Le había divertido la elección de palabras de su hija, lo que lo había ayudado a liberarse en cierta medida de la extraña mezcla de emociones que llevaba experimentando toda la tarde. Desde que el padre de Leah le había dicho a primera hora de aquel mismo día que ella era la niñera que le habían encontrado para que cuidara de Gracie durante el verano, John se había sentido enojado, irritado y, para su consternación, también algo intranquilo.

Estaba acostumbrado a la ira. Lo había acompañado mano a mano con el dolor que había experimentado al perder a Caro de un modo tan trágico e inesperado. El resentimiento también había sido su más íntimo amigo desde la muerte de su esposa. No quería compasión, porque, a su juicio, no la merecía. Él, y solo él, había sido responsable de la muerte de Caro. Se merecía todos y cada uno de los momentos de dolor que había vivido desde aquella fatídica noche.

Sin embargo, la intranquilidad con la que llevaba batallando desde hacía unas cuantas horas era algo completamente diferente, un sentimiento por el que no quería dejarse llevar, especialmente en lo que se refería a Leah Hayes.

Había experimentado una profunda tensión solo con pensar que tendría que ver a Leah a diario. Entonces, cuando abrió la puerta y se encontró cara a cara con ella por primera vez desde hacía ocho años, sintió el impulso incontrolable de tomarla entre sus brazos y confesarle sin tapujos los muchos pecados que había cometido. Era una suerte que simplemente hubiera parecido «brusco».

–Sí, papá, muy brusco –afirmó la niña, cuando llegaron frente a la puerta del cuarto de baño–. Podemos volver a la casa de los abuelos si necesitas estar solo más tiempo, pero tendremos que regresar mañana porque otra persona va a estar allí mientras ellos están de viaje.

John se agachó delante de su hija y le acarició delicadamente los rizos rubios.

–Me alegro mucho de que vuelvas a estar en casa, Gracie, aunque no haya parecido así cuando abrí la puerta. De ahora en adelante, vas a estar aquí conmigo. Ya he estado suficiente tiempo solo como para seguir queriendo estarlo.

–¿Y la tía Leah? ¿Te alegras de que ella esté aquí también?

–¿Te alegras tú, Gracie? –replicó John, para no mentir a la pequeña.

–Sí, papá. Me alegro mucho.

–Entonces, yo me alegro también.
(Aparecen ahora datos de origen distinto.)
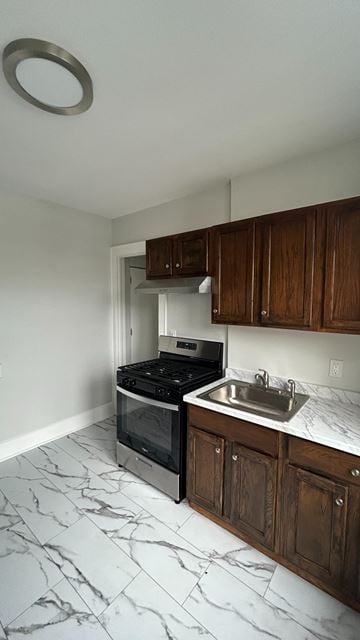 Bergenfield apartment for rent - A kitchen with a black stove top oven and a white sink.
Ahora, lávate la cara y las manos y ponte el pijama mientras yo te abro la cama, ¿de acuerdo?

–De acuerdo, papá. ¿Me vas a leer un cuento? –añadió, tímidamente.
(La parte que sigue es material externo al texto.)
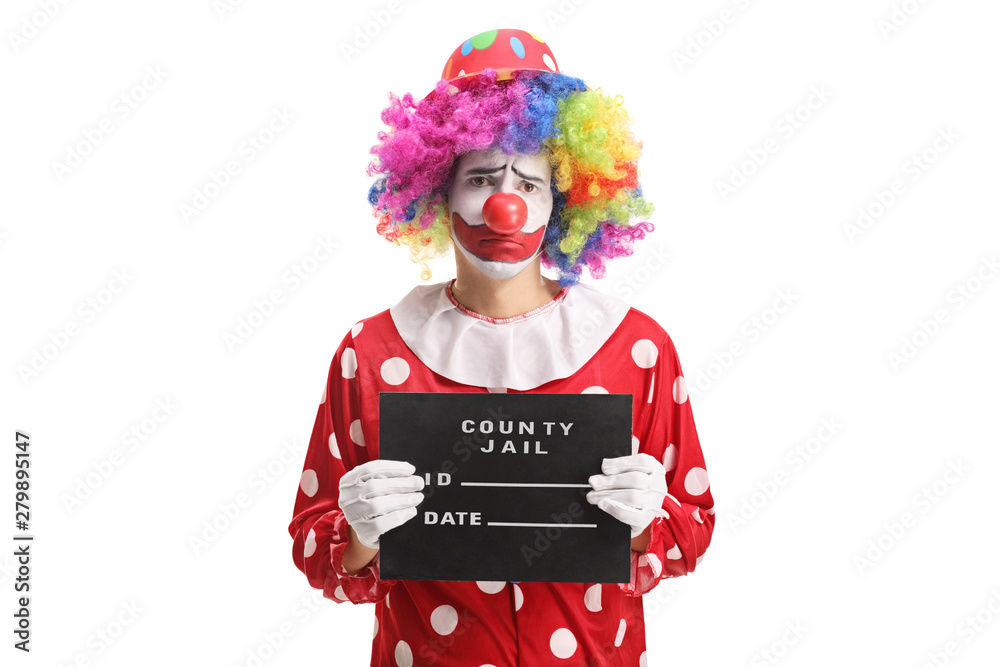 Sad clown posing with a jail board Sad clown posing with a jail board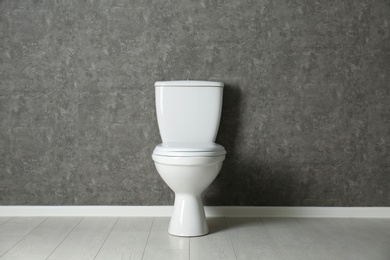 New toilet bowl near grey wall indoors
–Por supuesto que sí. ¿Alguno en especial?

–Esta noche eliges tú.

Tras dejar a la niña en el cuarto de baño, John se dirigió a la habitación de la pequeña. Al contrario del resto de la casa, todo estaba allí muy ordenado. Caro se había encargado de la impecable decoración del cuarto de su hija. Desgraciadamente, por culpa de John, Caro no podría ver cómo Gracie se convertía en una mujer.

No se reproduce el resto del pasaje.